As the great grammarian H.W. Fowler commented, "No other grammatical issue has so divided English speakers since the split infinitive was declared to be a solicism in the 19th century: raise the subject of English usage in any conversation today and it is sure to be mentioned." In fact, he divided the entire English-speaking population by their attitudes towards the split infinitive: "Those who don't know and don't care, those who don't know and do care, those who know and approve, those who know and condemn, and those who know and discriminate."

Let's be among those who know and discriminate!

So here's the question. I'm going to give you two famous infinitive quotations, both stately and portentous with meaning. One has the adverb BEFORE the infinitive in a way that even sticklers would approve. One cavalierly splits the infinitive to add an adverb.

Both are correct. Why? Why is each correct when one follows the "rule" and the other doesn't?

Hamlet, the Prince of Denmark:
To be or not to be, that is the question.

James T. Kirk, the Starship Captain:
To boldly go where no man has gone before.

 Your turn! What is the difference? Why in the first should the adverb "not" be placed in front of the infinitive "to be", and in the second, the adverb is correctly placed right before the verb? Speculations please!

(Here is a site that discusses Fowler's philosophy:
(And here's a fun rendition of "to be or not to be"-- A two-year-old playing Hamlet. )


Wes said...

This hurts my brain. I know who Kirk is, but who is that guy from Denmark?

Wes said...

OK, I'll go first. I'm not afraid of showing my ignorance; I've done it enough on here.

Could it be that the guy from Denmark is using the infinitive as a state of being so that therefore it functions as a noun, while Kirk is using the infinitive as an action, essentially a verb?

Just guessing.

Anonymous said...

I'm puzzled. Both are used as nouns:

the question is, to be or not to be

its five year mission: to explore strange new worlds ... to boldly go"

The following would not work with the adverb in front of 'to':

"To safely avoid the rush, we'd better leave now."

"Promise to always look before you cross the street."

"To completely cook the fish, set the oven on High."

So maybe the rule should be the other way around?


Anonymous said...

It appears that adverbs that are most commonly split are adverbs of manner.
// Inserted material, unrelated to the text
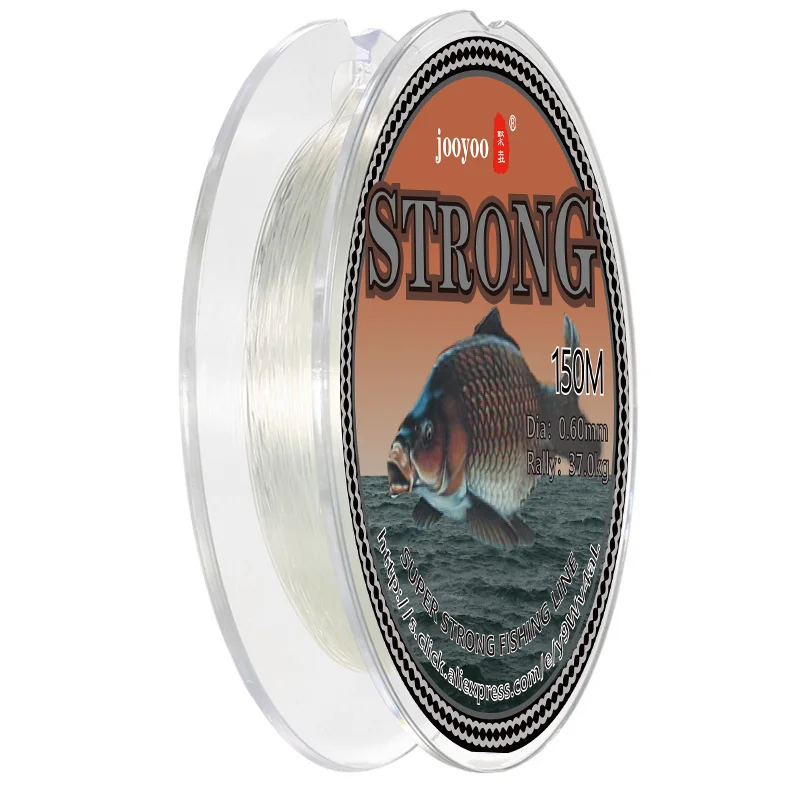 Fishing Line 4 Strands 0.10~0.70mm 4-88lb Strong Quality Nylon Braided Fishing Line For Sea Fishing 150m Line Multifilament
I couldn't think of an instance when an adverb of time or place or degree would be used to split an infinitive (but that could be because it is my technical Monday morning, since yesterday was a holiday). To split an adverb of manner would emphasize the manner of which the verb is being done.

"To boldly go". When I read that my thoughts are on how things are being done before the action. It doesn't interrupt the flow if the prose or make me pause and read the sentence again.
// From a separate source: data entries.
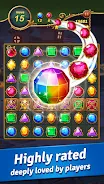 Jewel Castle™ - Match 3 Puzzle Screenshot 1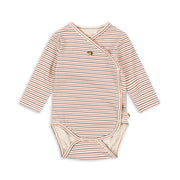 Basic Newborn Body Stripe Tricolore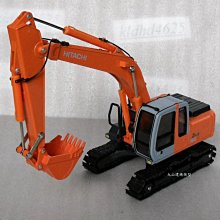 丸山建機模型店]---絕版品HITACHI ZAXIS-160W 1/40 履帶式怪手挖土機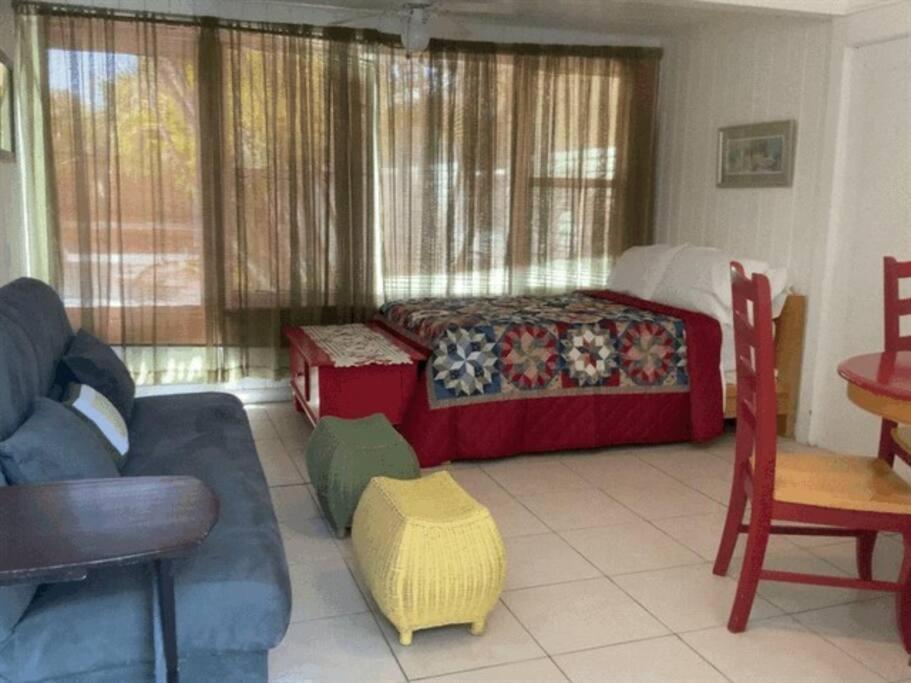Lovely 1 Bedroom Unit Across From Lido Key Beach Sarasota Ngoại thất bức ảnh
"To go boldly". When I read that my thoughts are more on the action and going so that boldly is hanging there, slightly less important.

Some of my thoughts.
Anon in MS

Edittorrent said...

Anon, once we get into the function with in a sentence, everything gets confused!
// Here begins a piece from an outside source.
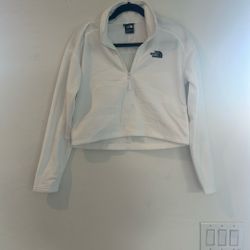 The North Face White Fleece Small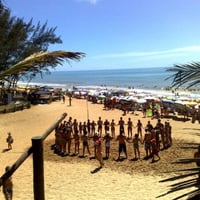Praia frontal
I was thinking that "boldly go" is the actual phrase. That is, we can replace that with a synonym like "to venture", and it's just an infinitive. That is, the modifier modifies the verb within the infinitive, while in "not to be", the not actually modifies the entire infinitive, hence putting it first makes sense.

Edittorrent said...

Anon in MS, yes, I see what you mean. An adverb of manner usually is one which tells "how"-- how this action is performed, how this speech sounds, etc. So "She spoke boldly," or "He moved swiftly."

Why does placing the modifier at the end do? I think it says that the action (verb) is more important than the manner. What Capt. Kirk was saying, though, was the MANNER was important, so he put it first-- to BOLDLY go.